Eine US-Kleinstadt radiert sich jährlich aus

Im Jahr 2016 hat sich quasi eine mittlere Kleinstadt von 45.000 Menschen in den USA auf diese Art und Weise selbst ausradiert. In den Bundesstaaten mit der höchsten Selbstmordrate kletterte der traurige Referenzwert auf 29,2 Personen pro 100.000 Einwohner. Das ist selbst für die USA ein beachtlicher Rekord. Da geht sicher noch einiges mehr, es müssen sich lediglich die Rahmenbedingungen noch weiter verschlechtern. Sehr viel deutet darauf hin, dass das auch in den folgenden Jahren noch passieren kann.

Selbstmord ist gerade in den USA inzwischen eine der beliebtesten Todesursachen. Sie rangiert noch weit vor Mord. In 2015 gab es lediglich 16.000 Tote durch Mord. Das ist nur gut ein Drittel von dem was sich in einem Jahr selbst wegschafft. Auch die Verkehrstoten kann der „Selbstmord“ locker noch in den Schatten stellen, folgt man diesem Bericht: Sieben Prozent mehr Verkehrstote im Jahr 2015[DVR]. Da sind es lediglich rund 35.000 Tote.
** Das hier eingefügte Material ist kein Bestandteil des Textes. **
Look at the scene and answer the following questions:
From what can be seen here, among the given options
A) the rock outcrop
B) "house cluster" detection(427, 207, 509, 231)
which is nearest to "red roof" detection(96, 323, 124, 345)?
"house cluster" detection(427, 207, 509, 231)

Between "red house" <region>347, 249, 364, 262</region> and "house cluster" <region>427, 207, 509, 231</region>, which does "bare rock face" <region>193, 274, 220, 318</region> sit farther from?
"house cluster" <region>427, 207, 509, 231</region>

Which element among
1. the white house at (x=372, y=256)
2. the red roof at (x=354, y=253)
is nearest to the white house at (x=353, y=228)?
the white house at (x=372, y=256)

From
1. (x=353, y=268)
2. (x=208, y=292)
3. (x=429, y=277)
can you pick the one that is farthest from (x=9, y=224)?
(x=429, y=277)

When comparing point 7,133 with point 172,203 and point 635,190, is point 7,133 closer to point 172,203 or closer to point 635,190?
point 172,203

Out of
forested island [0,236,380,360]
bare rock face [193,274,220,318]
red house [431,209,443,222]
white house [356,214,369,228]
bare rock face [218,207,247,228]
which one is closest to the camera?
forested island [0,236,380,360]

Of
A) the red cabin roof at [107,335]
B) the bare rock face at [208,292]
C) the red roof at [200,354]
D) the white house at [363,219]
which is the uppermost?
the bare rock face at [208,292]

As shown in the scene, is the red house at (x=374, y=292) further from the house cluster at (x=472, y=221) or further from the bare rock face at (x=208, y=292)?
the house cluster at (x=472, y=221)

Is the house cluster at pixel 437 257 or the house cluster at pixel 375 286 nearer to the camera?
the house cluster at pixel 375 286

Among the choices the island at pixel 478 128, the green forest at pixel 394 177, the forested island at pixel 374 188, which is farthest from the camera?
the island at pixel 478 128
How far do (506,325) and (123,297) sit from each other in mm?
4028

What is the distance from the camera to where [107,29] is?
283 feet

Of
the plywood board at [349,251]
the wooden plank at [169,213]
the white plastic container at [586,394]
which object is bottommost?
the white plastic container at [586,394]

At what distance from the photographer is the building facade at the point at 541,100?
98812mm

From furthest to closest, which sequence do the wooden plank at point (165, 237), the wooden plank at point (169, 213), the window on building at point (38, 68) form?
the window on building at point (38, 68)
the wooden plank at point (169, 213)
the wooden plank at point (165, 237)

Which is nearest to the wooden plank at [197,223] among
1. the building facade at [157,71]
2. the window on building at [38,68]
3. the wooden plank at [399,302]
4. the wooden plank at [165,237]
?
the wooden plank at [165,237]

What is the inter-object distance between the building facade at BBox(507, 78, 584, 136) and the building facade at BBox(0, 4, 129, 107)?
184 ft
Ein Grund mehr, einmal die realen Ursachen dieser selbstmörderischen Angelegenheit zu betrachten.

Falsche Werte, falsches Leben, reales Sterben

Amerikaner bringen sich massenhafter denn je um Wen weitere Details zu dieser amerikanischen Sonderheit Tragödie interessieren, der findet unter diesem Link: Suicide rates rising across the U.S.[CDC] noch weitere Details, allerdings in englischer Sprache. Allzu gerne werden die Ursachen für die gestiegenen Selbstmordraten im gesundheitlichen Bereich verortet. Es werden einfach psychische Probleme daraus gemacht und schon ist für die Statistik alles korrekt erfasst. Dass diese psychischen Probleme nicht selten ganz profane materielle Ursachen haben, will eigentlich niemand im Land der unbegrenzten Möglichkeiten hören. Das könnte den „Amerikanischen Traum“ nachhaltig beschädigen. Deshalb gibt es noch keine vernünftigen Qualitätsnormen für den erfolgreichen Selbstmord in den USA oder andernsorts.
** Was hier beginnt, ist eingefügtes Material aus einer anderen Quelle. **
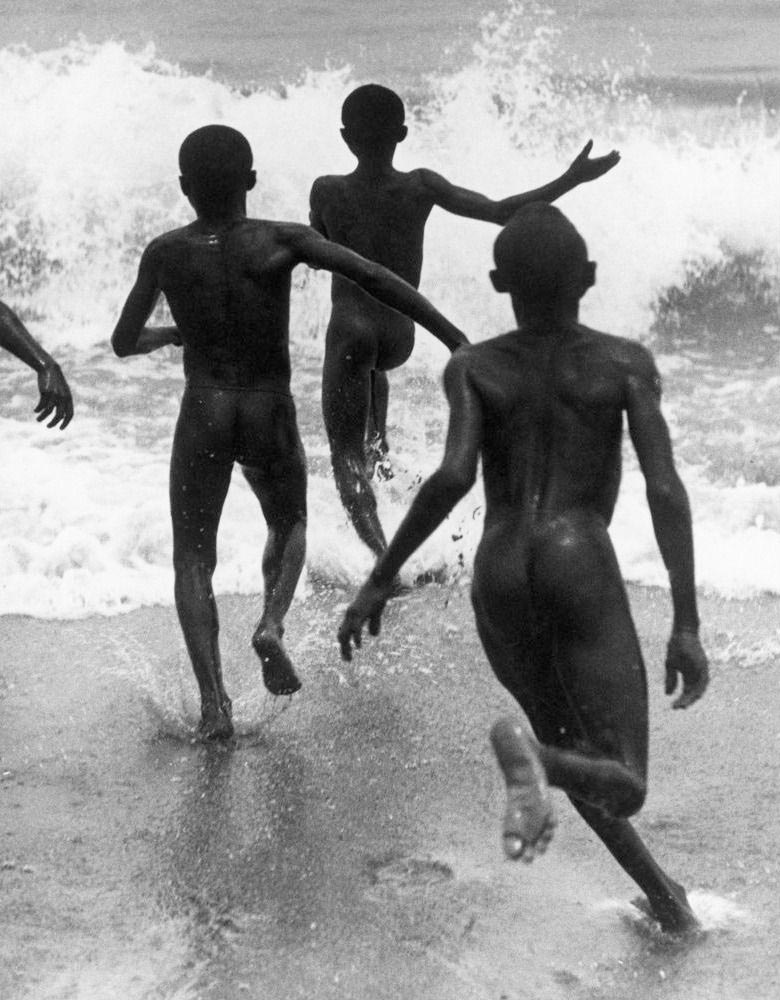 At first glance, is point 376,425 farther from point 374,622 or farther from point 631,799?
point 631,799

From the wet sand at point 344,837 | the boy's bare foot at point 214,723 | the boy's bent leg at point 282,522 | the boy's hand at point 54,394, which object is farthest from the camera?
the boy's bent leg at point 282,522

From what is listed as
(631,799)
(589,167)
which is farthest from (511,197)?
(631,799)

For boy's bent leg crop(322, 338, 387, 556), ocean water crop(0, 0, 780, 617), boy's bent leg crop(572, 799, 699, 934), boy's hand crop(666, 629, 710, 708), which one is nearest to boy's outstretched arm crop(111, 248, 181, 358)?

So traurig es ist, so wahr ist es auch. Die Selbstmordrate in den USA ist ein unzweideutiges Problem des Systems. Umso eleganter und schneller die Umverteilung von unten nach oben vorankommt, desto höher wird die Anzahl der Selbsttötungen pro 100.000 Einwohner ausfallen. Aber mal ehrlich, diejenigen, denen es materiell an nichts mangelt, nehmen dieses kleine Opfer doch bereitwillig in Kauf. Hauptsache, nichts stört ihre Kreise. In diesem Zusammenhang können wir gerne die Querprobe mit folgender These versuchen. Der Tag, an dem die Selbstmordrate in Deutschland derjenigen in den USA entspricht, kann zweierlei Bedeutung haben: Entweder sind die USA bis dahin ein wenig Sozialstaat geworden, oder aber Deutschland hat bis zu dem Tag auch noch den letzten Rest davon erfolgreich überwunden. Dem Gesetz der Umverteilung von unten nach oben folgend, liegt letztere Möglichkeit klarer im Bereich des Wahrscheinlichen.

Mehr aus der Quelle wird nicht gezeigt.